About this task> Reproduce the records word for word, apart from the images they contain.

Records for this exercise>

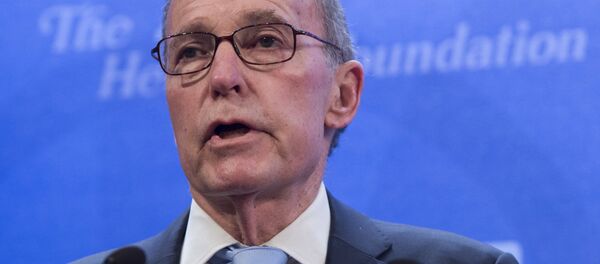 拉里•库德洛 - 俄罗斯卫星通讯社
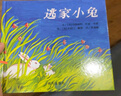 信谊世界精选图画书-逃家小兔【3-8岁】纽约时报年度儿童图书 畅销7万册 名师王林、瑞玛推荐童书绘本 实拍图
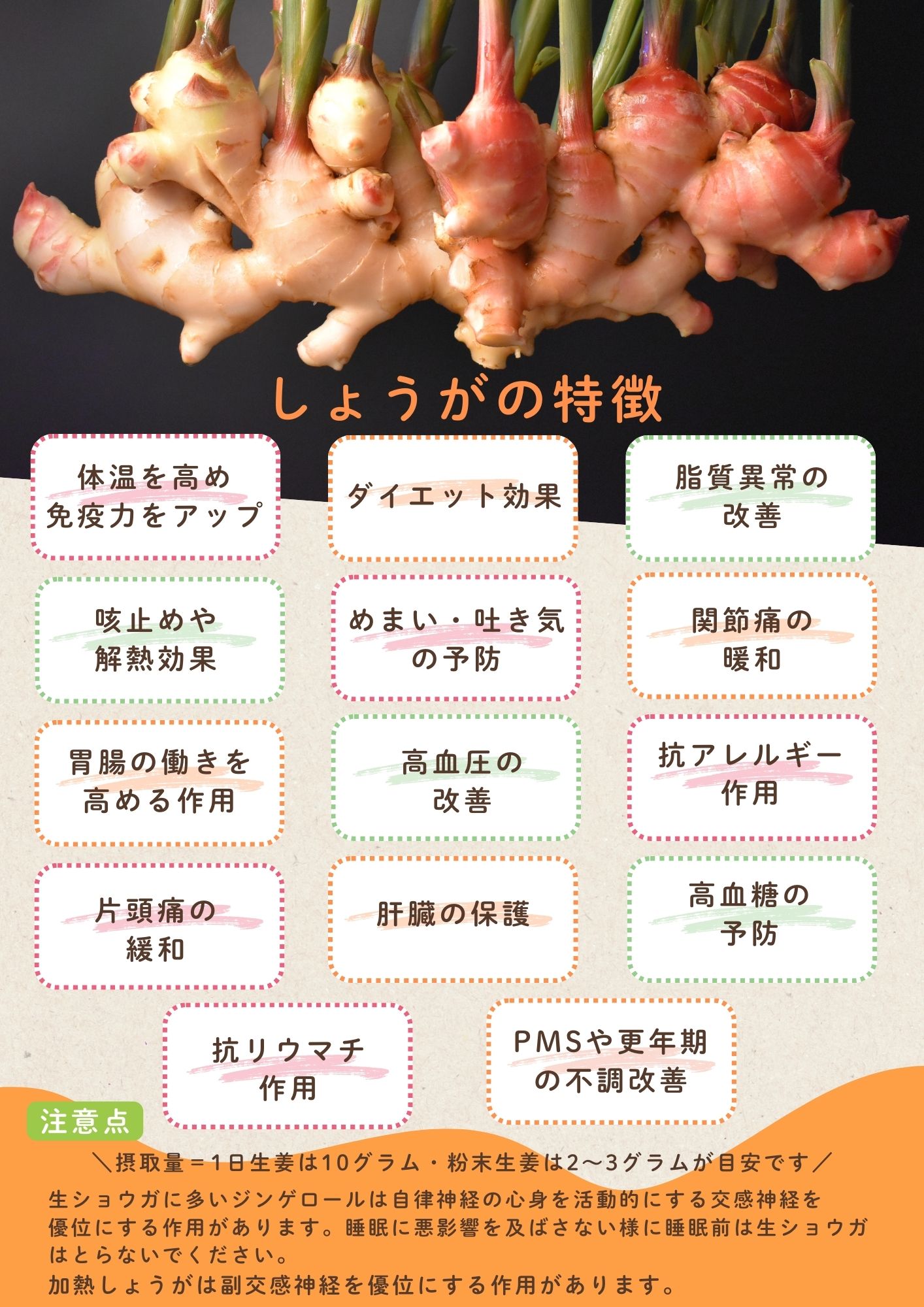 高知県産囲生姜5Kg 自然農法 囲い生姜 5Kg 高知県産 | おだた農園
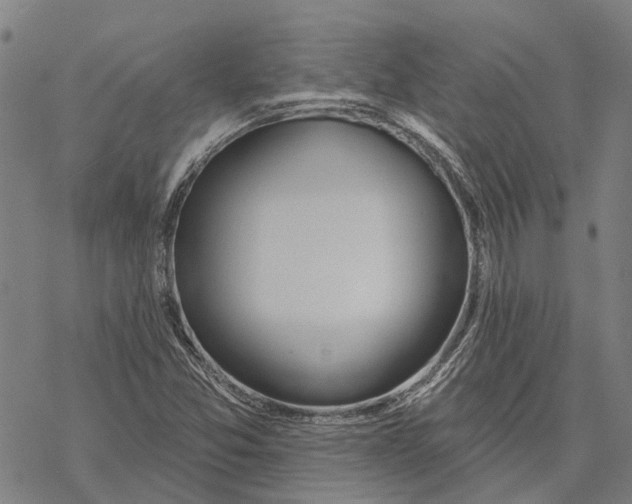 X0000068841357200605261630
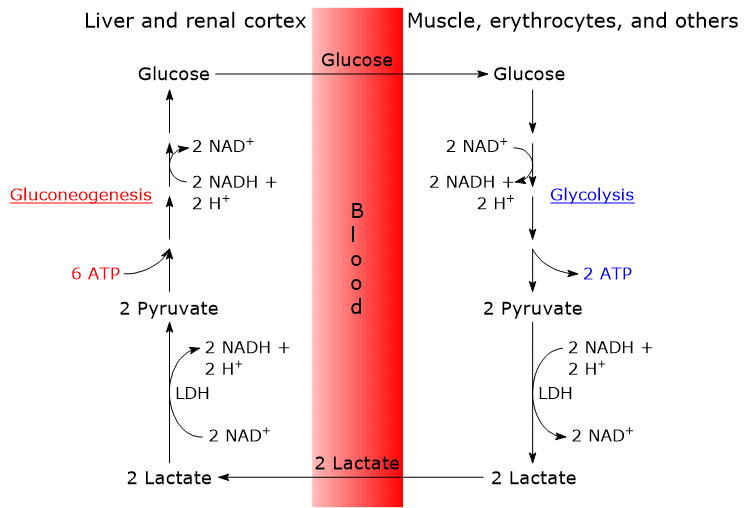 The steps of the Cori cycle or glucose-lactate cycle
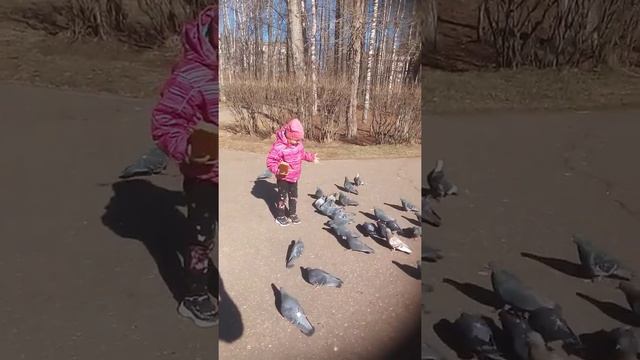Голуби-это символ мира и счастья.Пошли в парк что бы покормить птиц. смотреть онлайн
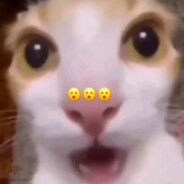 zxcrocell
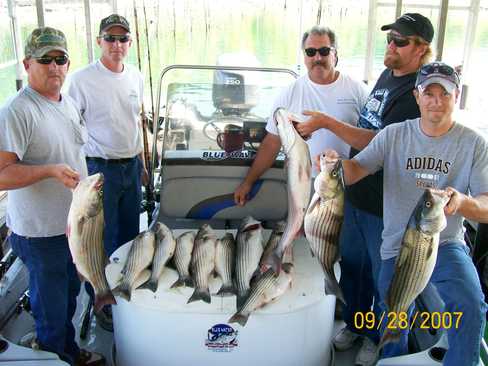 Nice Striped Bass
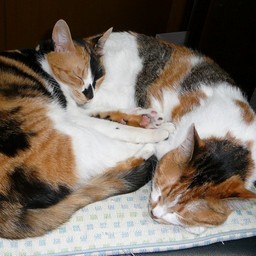 猫・シー&ラム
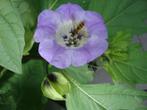 BIOLOGISCH  ZAAD van ZEGEKRUID Nicandra physalodes, Ophalen of Verzenden, Voorjaar, Volle zon, Zaad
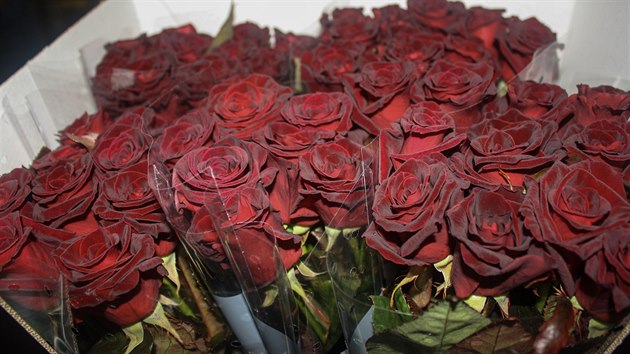 Re Black baccara, Arend roses, Holandsko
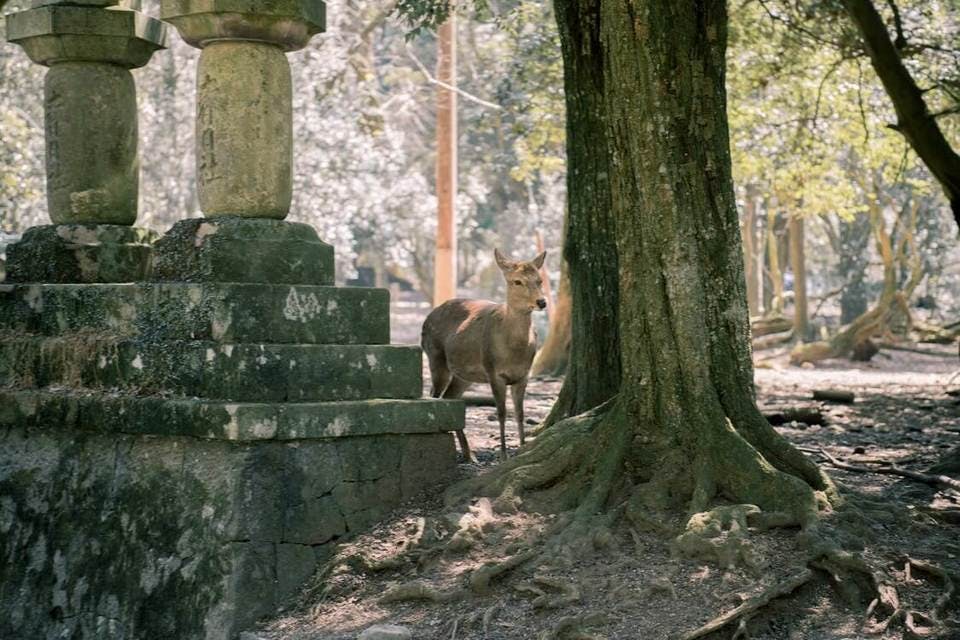 奈良神社（春日大社）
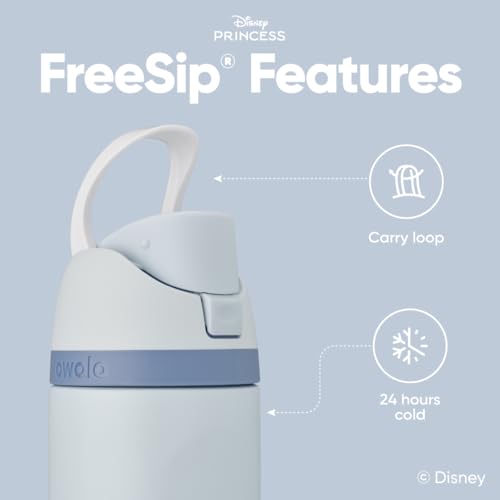 24 oz Insulated Stainless Steel Water Bottle with FreeSip Spout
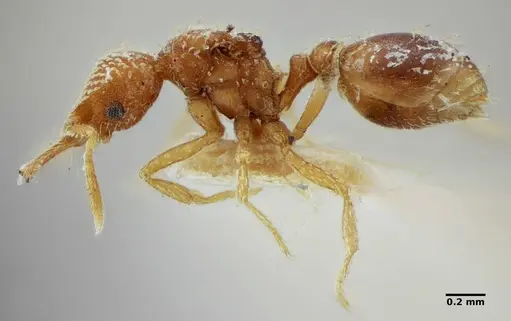 Strumigenys louisianae - ANTWEB1038247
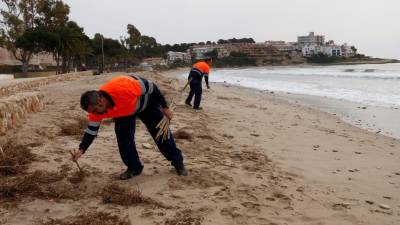 La brigada municipal de Altafulla recogiendo los restos de vegetación que han quedado esparcidos por toda la playa. Foto: ACN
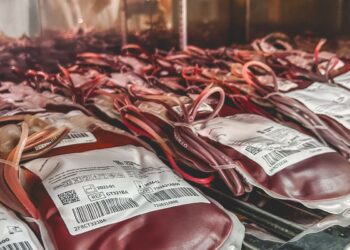 dia-mundial-do-doador-de-sangue:-uma-unica-doacao-pode-salvar-3-vidas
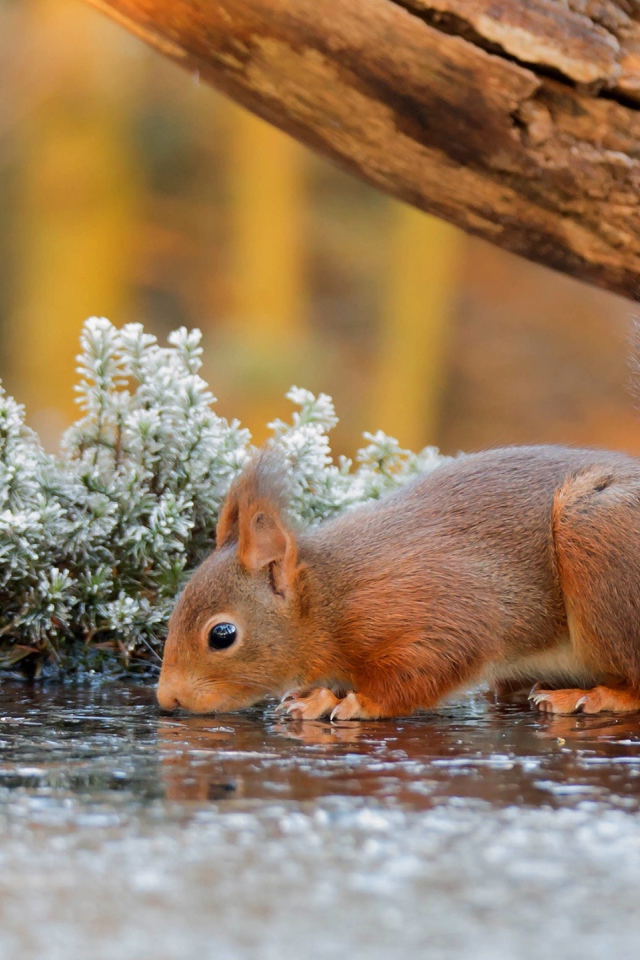 Little red squirrel drinks water from a puddle near an old tree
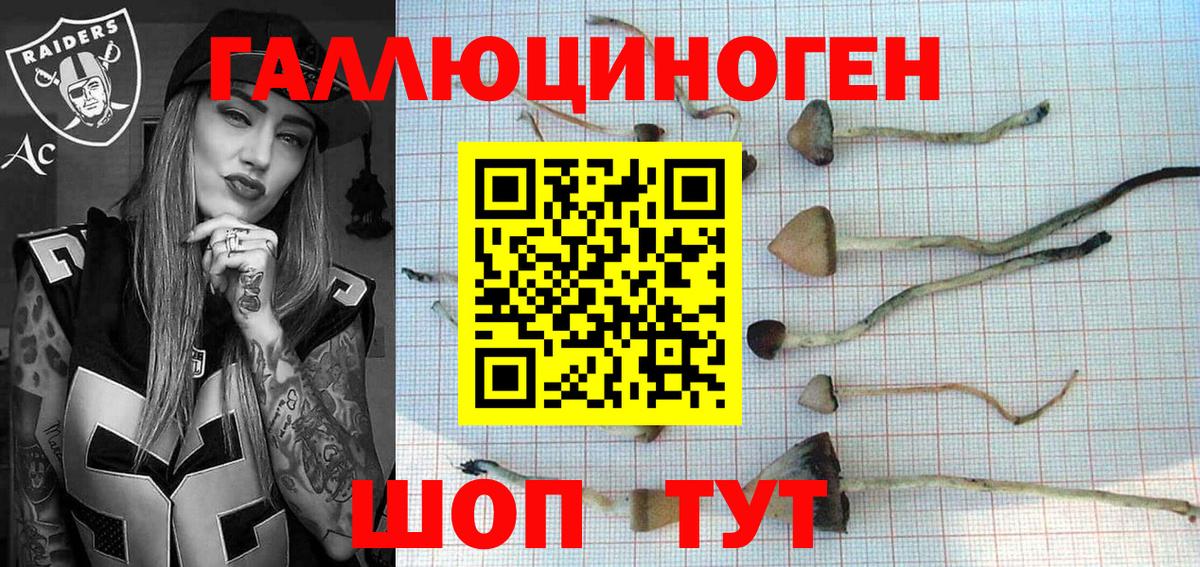 Галлюциногенные грибы ЛСД Мытищи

Expected answer>
 拉里•库德洛 - 俄罗斯卫星通讯社
 信谊世界精选图画书-逃家小兔【3-8岁】纽约时报年度儿童图书 畅销7万册 名师王林、瑞玛推荐童书绘本 实拍图
 高知県産囲生姜5Kg 自然農法 囲い生姜 5Kg 高知県産 | おだた農園
 X0000068841357200605261630
 The steps of the Cori cycle or glucose-lactate cycle
Голуби-это символ мира и счастья.Пошли в парк что бы покормить птиц. смотреть онлайн
 zxcrocell
 Nice Striped Bass
 猫・シー&ラム
 BIOLOGISCH  ZAAD van ZEGEKRUID Nicandra physalodes, Ophalen of Verzenden, Voorjaar, Volle zon, Zaad
 Re Black baccara, Arend roses, Holandsko
 奈良神社（春日大社）
 24 oz Insulated Stainless Steel Water Bottle with FreeSip Spout
 Strumigenys louisianae - ANTWEB1038247
 La brigada municipal de Altafulla recogiendo los restos de vegetación que han quedado esparcidos por toda la playa. Foto: ACN
 dia-mundial-do-doador-de-sangue:-uma-unica-doacao-pode-salvar-3-vidas
 Little red squirrel drinks water from a puddle near an old tree
 Галлюциногенные грибы ЛСД Мытищи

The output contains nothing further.